AFFIRMATIVE ACTION TENTANG QUO VADIS PEREMPUAN DALAM POLITIK DI INDONESIA

AFFIRMATIVE ACTION TENTANG QUO VADIS PEREMPUAN DALAM POLITIK
DI INDONESIA

I.    Latar Belakang
Pada prinsipnya semua orang setuju bahwa bentuk pemerintahan yang demokratis merupakan bentuk yang paling ideal dan didambakan oleh rakyat. Kata demokrasi sendiri dapat diartikan sebagai sebuah pemerintahan dari, oleh dan untuk rakyat.
Dengan kata lain, rakyatlah yang memegang wewenang tertinggi dalam proses pemerintahan. Para pemimpin merupakan pemegang mandat yang harus tunduk kepada suara rakyat melalui wakil-wakil mereka yang duduk dalam kursi kepemimpinan. Sebuah masyarakat dapat dikatakan demokratis jika dalam peri kehidupannya menghargai hak asasi manusia secara adil dan setara, mengakui dan memajukan akan kebebasan. Dalam penghargaan terhadap hak yang adil dan setara tersebut tercermin adanya penghargaan terhadap perbedaan-perbedaan yang ada, khususnya terhadap kelompok-kelompok minoritas. Hal ini juga mencakup adanya jaminan partisipasi politik bagi semua warga. Partisipasi dalam sistem politik merupakan tugas yang kompleks dan menantang, khususnya bagi sektor-sektor masyarakat yang secara tradisional terpinggirkan. Perempuan mewakili salah satu kelompok yang dirugikan sebagai akibat dari peran-peran yang diterjemahkan secara sosial dan budaya dan hubungan antara laki-laki dan perempuan dalam ranah-ranah produktif, reproduktif dan politik.
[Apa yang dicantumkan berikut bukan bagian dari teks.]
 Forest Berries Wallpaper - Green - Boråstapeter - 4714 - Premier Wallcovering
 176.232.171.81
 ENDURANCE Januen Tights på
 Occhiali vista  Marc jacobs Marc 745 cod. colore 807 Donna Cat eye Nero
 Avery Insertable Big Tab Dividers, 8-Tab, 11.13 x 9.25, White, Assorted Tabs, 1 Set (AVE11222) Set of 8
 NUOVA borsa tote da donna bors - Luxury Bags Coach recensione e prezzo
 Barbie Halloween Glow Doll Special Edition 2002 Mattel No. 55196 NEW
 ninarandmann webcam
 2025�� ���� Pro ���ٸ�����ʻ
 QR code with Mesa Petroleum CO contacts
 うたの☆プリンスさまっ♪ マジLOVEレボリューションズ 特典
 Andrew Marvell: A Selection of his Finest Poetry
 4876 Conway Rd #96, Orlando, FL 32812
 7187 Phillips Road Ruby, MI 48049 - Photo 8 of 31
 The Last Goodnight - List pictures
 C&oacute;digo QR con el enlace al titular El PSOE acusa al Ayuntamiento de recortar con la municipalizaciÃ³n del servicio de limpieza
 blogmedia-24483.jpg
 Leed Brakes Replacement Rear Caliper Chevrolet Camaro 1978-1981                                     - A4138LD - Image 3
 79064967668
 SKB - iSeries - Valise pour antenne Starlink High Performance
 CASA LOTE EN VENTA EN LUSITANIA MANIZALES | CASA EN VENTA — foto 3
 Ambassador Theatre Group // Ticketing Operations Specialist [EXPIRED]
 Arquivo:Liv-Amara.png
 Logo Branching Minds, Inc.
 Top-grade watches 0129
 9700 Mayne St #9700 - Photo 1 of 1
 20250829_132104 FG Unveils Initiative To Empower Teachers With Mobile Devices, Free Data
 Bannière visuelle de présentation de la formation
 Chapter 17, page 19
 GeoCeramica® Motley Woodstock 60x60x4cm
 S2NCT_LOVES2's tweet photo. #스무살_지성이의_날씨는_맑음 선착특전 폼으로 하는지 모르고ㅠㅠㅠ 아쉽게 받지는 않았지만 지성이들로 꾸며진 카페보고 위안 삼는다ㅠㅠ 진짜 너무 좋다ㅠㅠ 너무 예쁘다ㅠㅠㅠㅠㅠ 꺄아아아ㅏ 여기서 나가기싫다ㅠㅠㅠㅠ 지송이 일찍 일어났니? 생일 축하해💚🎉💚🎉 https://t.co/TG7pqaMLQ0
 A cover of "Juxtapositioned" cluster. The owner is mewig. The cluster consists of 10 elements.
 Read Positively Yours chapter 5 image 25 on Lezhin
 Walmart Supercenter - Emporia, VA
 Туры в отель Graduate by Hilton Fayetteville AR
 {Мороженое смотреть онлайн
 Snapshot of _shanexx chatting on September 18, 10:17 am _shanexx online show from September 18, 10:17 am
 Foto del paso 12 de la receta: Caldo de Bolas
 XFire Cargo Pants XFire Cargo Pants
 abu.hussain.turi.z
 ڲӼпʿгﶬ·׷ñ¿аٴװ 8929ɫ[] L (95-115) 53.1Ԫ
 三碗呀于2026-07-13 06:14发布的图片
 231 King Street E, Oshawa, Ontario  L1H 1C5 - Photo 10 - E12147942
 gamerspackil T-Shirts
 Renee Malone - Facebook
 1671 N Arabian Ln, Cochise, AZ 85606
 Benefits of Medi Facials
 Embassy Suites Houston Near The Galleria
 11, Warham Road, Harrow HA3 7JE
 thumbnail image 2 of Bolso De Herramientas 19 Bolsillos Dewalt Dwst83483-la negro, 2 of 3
Perempuan sebagai salah satu kelompok minoritas sampai saat ini masih berada dalam posisi subordinat dibanding laki-laki. Meskipun secara kuantitatif mereka lebih banyak tetapi hal ini tidak berarti ada jaminan terhadap hak-hak mereka. Faktor budaya merupakan salah satu penghambat bagi perempuan untuk tampil dalam forum publik. Kuatnya peran laki-laki dalam kehidupan publik sangat menentukan setiap keputusan-keputusan yang diambil meskipun itu menyangkut kehidupan perempuan. Hal ini menempatkan posisi perempuan semakin termarginalkan, terutama dalam partisipasi politik semata-mata karena mereka adalah perempuan. Inilah yang disebut sebagai diskriminasi berbasis gender.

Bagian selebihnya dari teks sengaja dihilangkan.